Here, to address the hydrogen embrittlement of metal-hydrogen systems and the strength-ductility trade-off and magnetocaloric bottlenecks in AMAs, we create a Gd-based supra-nanometer-sized dual-phase glass-hydride (SNDP-GH) material, comprising GdH2 grains of around 3.6 nm in diameter, uniformly embedded in the remaining amorphous shell with thickness around 1–4 nm. Strikingly, different from hydrogen embrittlement generally occurs in many metals and alloys, a hydrogen-induced brittle-to-ductile transition is observed even the hydrogen concentration approaches its saturation (~1.5 wt.%). The yield strength is enhanced from 2.5 to 3.6 GPa (by 44%), and plastic strain increases substantially from 0 to (>)70%, breaking the strength-ductility trade-off in AMAs and related composites. Moreover, due to the formation of high-density nanosized ordered hydrides (NOH) in the amorphous matrix, the \(-\triangle {S}_{M}^{{pk}}\) of the alloy increases considerably from the initial 9.1 J kg−1 K−1 (hydrogen-free AMA) to a giant value of 18.7 J kg−1 K−1 under a field change of 5 T. The combination of giant ΔSM and superior mechanical performance overcomes the long-standing performance bottlenecks of AMAs as promising magnetic refrigerants.

Results

Hydrogenation and microstructure analysis

The Gd55Co17.5Al27.5 alloy was chosen for the present study since it possesses a large magnetocaloric effect (MCE) and excellent glass-forming ability with a critical diameter of 7 mm for glassy rod formation28. In the present study, Gd55Co17.5Al27.5 powders were prepared by high-pressure argon gas atomization method. Figure 1a shows the scanning electron microscope (SEM) image of the Gd55Co17.5Al27.5 powders with a diameter range of 25–30 μm. Most of the particles are spherical. The transmission electron microscopy (TEM) images (Fig. 1b, d) show a typical amorphous structure of the powders without any nanocrystals, which is also verified from the selected area electron diffraction (SAED) patterns (Fig. 1c). Figure 1e presents the high angle annular dark-field scanning transmission electron microscopy (HAADF-STEM) image of the powder, in which relatively dark and bright domains can be observed indicating the structural heterogeneity at nanometer scale. Energy-dispersive spectrometry (EDS) mappings of the same region are shown in Fig. 1f–h, which show homogenous distributions of the Gd, Al, and Co elements and do not correlate apparently with heterogeneity seen from the HAADF-STEM image. Thus, the contrast variation in the STEM image mainly arises from the density fluctuation, which is an intrinsic feature of AMAs.

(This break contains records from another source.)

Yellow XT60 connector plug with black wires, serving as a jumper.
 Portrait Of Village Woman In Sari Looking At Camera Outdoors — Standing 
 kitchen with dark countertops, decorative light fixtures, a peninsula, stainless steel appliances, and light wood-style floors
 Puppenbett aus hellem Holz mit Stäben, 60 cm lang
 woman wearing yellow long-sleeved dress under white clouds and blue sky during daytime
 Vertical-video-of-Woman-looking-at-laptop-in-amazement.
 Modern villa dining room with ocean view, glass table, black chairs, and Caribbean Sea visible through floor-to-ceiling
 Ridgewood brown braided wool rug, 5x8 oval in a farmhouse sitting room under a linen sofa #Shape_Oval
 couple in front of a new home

Fig. 1: Structural and thermal characterizations of the GdCoAl amorphous powders and isothermal hydrogenation.
figure 1

a SEM image of the amorphous powders with a diameter of 25–30 μm. b TEM image and c SAED pattern of the powder. d HRTEM image of the powder. eh High-resolution HAADF image and corresponding EDS mappings of Al, Co, and Gd elements. i XRD patterns of the GdCoAl powders with different diameters less than 70 μm and the GdCoAlH powder with the saturated absorption of hydrogenation. j DSC curves of the GdCoAl and GdCoAlH powders at the heating rate of 20 K/min. The inset displays the curve of hydrogenation dynamics.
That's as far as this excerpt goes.